I assume this is when someone uses a captive bolt gun to threaten you to reveal your password...

And having written-down passwords negates the benefit of all those special characters

This is a misconception. Forcing the user to write down a password allows the password to be much longer, and probably much more impervious to attack over the network. The fact that it's written down makes the password as insecure as the place where it's written down. If that place is behind a locked door, perhaps in the room containing the protected machine itself, then the password is about as secure as you could expect, since if someone can get into that room they're going to have access to everything that password protects, password or no. A sheet of paper in a wallet is also valid, since people keep extremely valuable bits of information that can be easily changed and cancelled in their wallet as well.
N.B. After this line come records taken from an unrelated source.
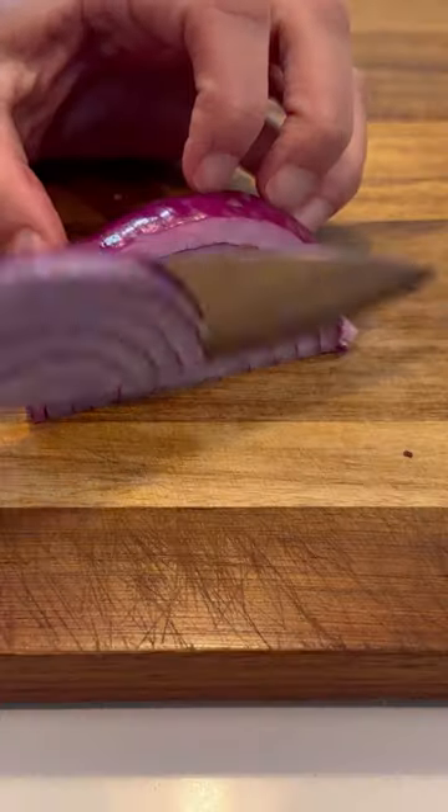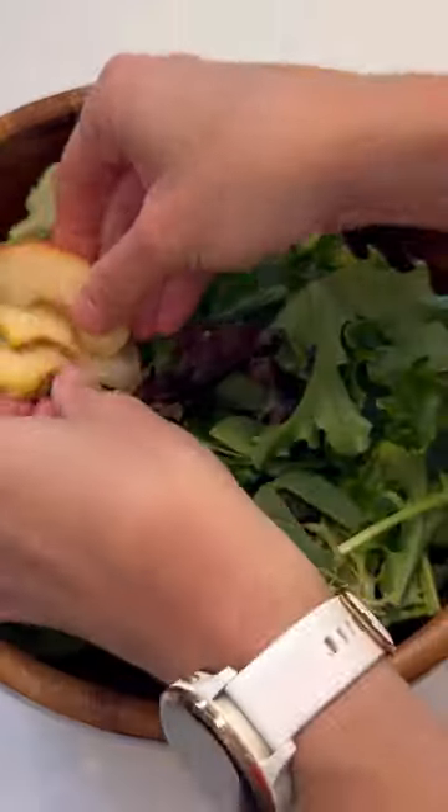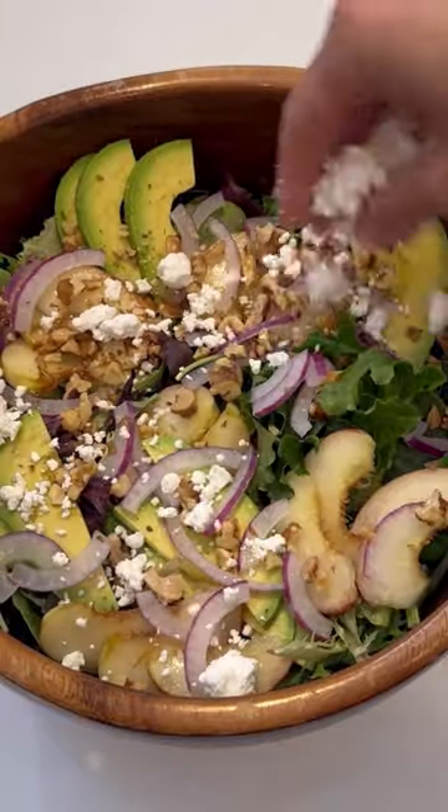This peach salad is absolutely perfect for summer. You're gonna add in some sliced peaches, some avocado, red onion, toasted walnuts, some pumpkin seeds, crumbled goat cheese, and thinly sliced basil.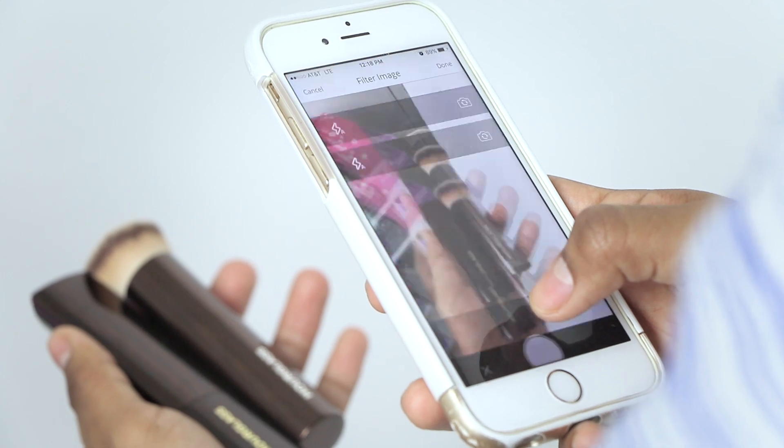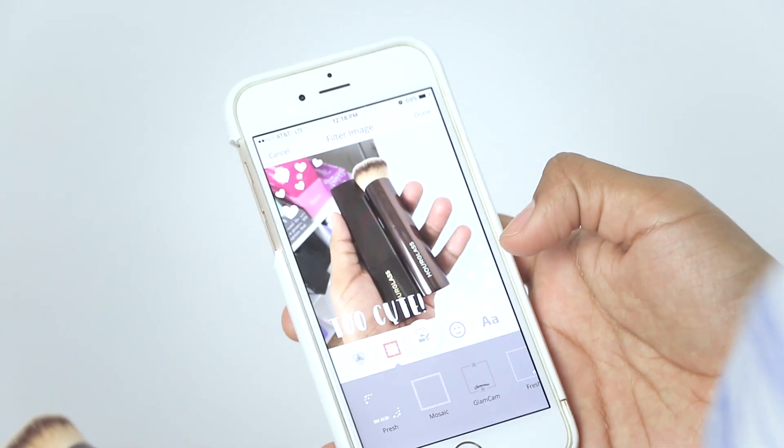It's really great when you want to just run errands — you can apply for light coverage — or you can really build it up for going out with your friends. The Hourglass Vanish Seamless Foundation Stick is available in over 26 shades, so there's definitely something for everyone, and that's why I have to highly recommend it and give it five out of five stars.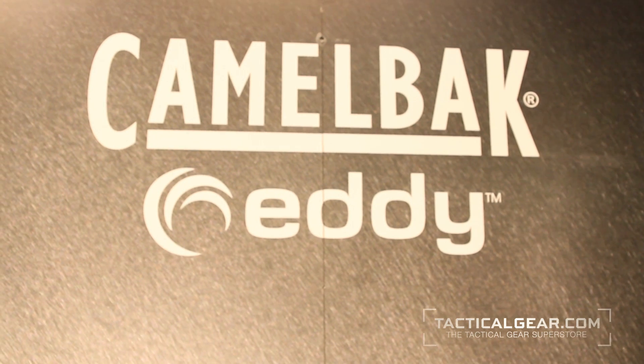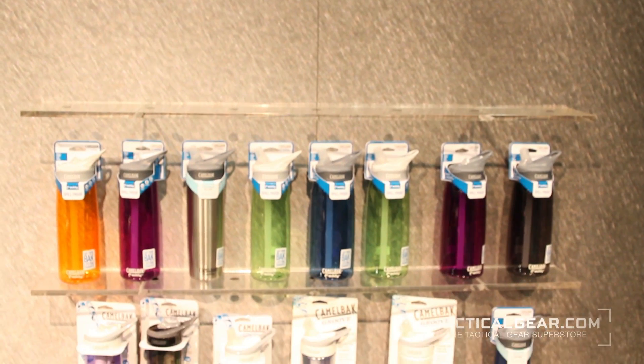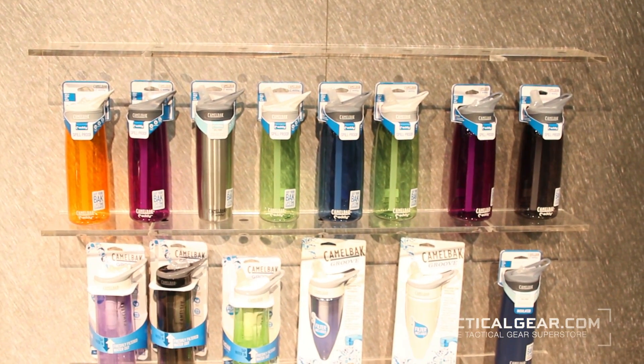This is CamelBak All Clear. The long name is the All Clear microbiological water purifier. It uses a UV light to kill or purify anything inside. It'll do 99.9999%, and that's how you're able to call it a microbiological purifier.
Encryption keys require a different sort of discipline, but again just because something is memorizable doesn't mean it absolutely better than something written down, or contained in a separate, secure place.

You have to ask, "what is this password protecting?" If it's protecting a box from network attack, PLEASE FOR THE LOVE OF GOD USE BIG PASSWORDS AND WRITE THEM DOWN! If you're protecting data from more, ah, physical or intimate incursion, a memorized password is a start, but it had better not be the only part of the puzzle. Since network attacks are a much bigger problem these days than someone breaking into your house, the first solution is probably going to be much more practical and effective.

Re:changing passwords frequently makes no sense

[SCHecklerX]

Changing passwords frequently, as somebody writes below, leads to patterns, sticky notes on monitors, passwords kept in notepad files, etc. IOW, it MAKES THINGS LESS SECURE.

It is the most ridiculous policy I've seen in this field.

A better policy is:

1) force strong passwords
2) audit against week passwords using cracking tools
3) force a change of passwords when an incident occurs, or a person with a shared (ie: admin, root, database, etc) access leaves the company.

Forcing constant changes does not make you more secure if the password is strong to begin with and good policies around sharing and disclosing that password are followed (and they are more likely to be followed if you aren't forcing users to change the damned thing every month). Users will also be able to REMEMBER their STRONG password. Imagine that!